We’ve heard all sorts of wonderful things that people have been doing with the data that we offer. What I’m going to tell you a bit about now is what we’re doing to give it to you faster, more accessibly and so on and so on. I think Tom gave me a title of ‘What EDINA is working on next’ – which seemed a little blunt, so I’ve gone with ‘progress is impossible without change’ and for those who know the rest of that quote - those who cannot change their minds cannot change anything. I’m sure my colleagues will tell you that I am very good at changing my mind but I’ll leave it to you to decide whether that’s a good thing or a bad thing.
So, while it looks as though things have not changed very much on the outside - this is a bit of a spot the difference slide – while this hasn’t changed very much on the outside, of course at the backend we’ve been working quite hard with lots of fine tuning of engines underneath the bonnets and so on. What we’ve done here is replace Laser-Scan software – which is now 1Spatial – to use Cadcorp stuff. The last procurement exercise we did was in 1999, and while the Laser-Scan software was very useful of its day, its time had run its course and we were struggling a little bit. We now have new stuff from Cadcorp, the reengineering of the back end is now complete. Tim I’m sure will tell you he’s relieved not to be starting things during peak periods every 2 or 3 days, and the Cadcorp stuff will now in fact restart itself without us noticing, which is wonderful.

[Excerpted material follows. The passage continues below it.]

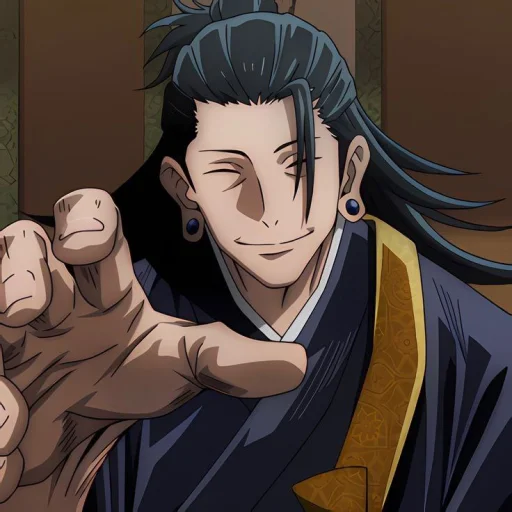 🪬 Стикер «Getou and Kenjaki» для Telegram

Those of you who are end users of Digimap will notice that we’ve had some fairly significant improvements in efficiency, capacity, stability and performance – it stays up for longer and it stays up on and on and on, which is wonderful. You’ll also notice we have a new mapping client called ‘Roam’. For those who haven’t seen it, I’m sure there are several of my colleagues who would be prepared to give you a demonstration at the back of the room at some point. Most of you I think will have seen it.

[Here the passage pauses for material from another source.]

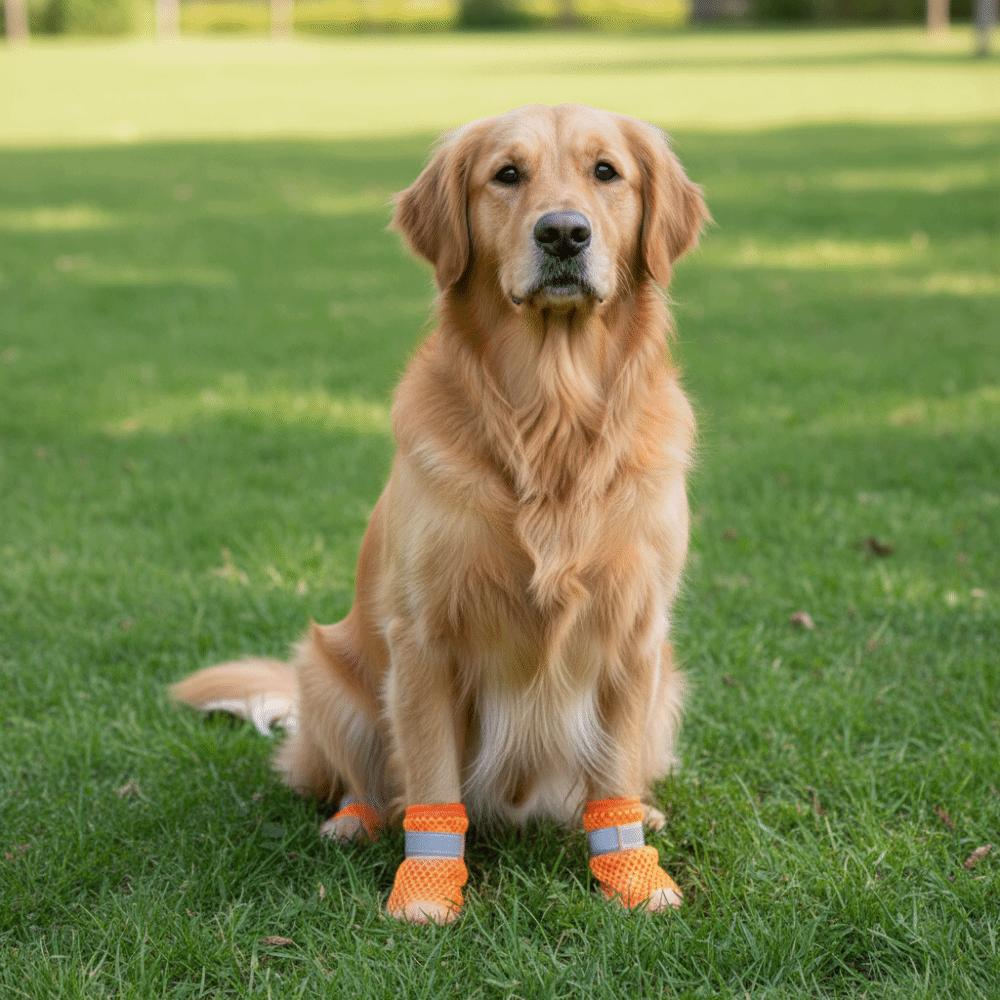 Wear Resistant Dog Mesh Shoes Adjustable Pet Paw Protector Anti Slip Dog Shoes  Walking Outdoor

So, part two of the reengineering goes on to concentrate on our other applications. This is ‘Roam’ if you haven’t already seen it. That’s what it looks like. We have these new slippy maps - so you can pick the map up, drag it around and put it where you want it, which is quite useful considering what we’ve come from with the old classic service. I couldn’t resist this I’m afraid – we did ask for some feedback and I will be the first person to say that getting feedback from end users is a bit like pulling teeth. I couldn’t resist showing you some of these quotations that we’ve had from people who say ‘It’s wonderful, I love it, what an improvement’. It’s very rewarding for us to hear things like this. It’s also very helpful when we hear the negative stuff, but it’s good to pat ourselves on the back every so often. The best one I think here is- “I really like this feature, it’s very easy and very useful especially just before an assignment deadline”. How often have we heard that one?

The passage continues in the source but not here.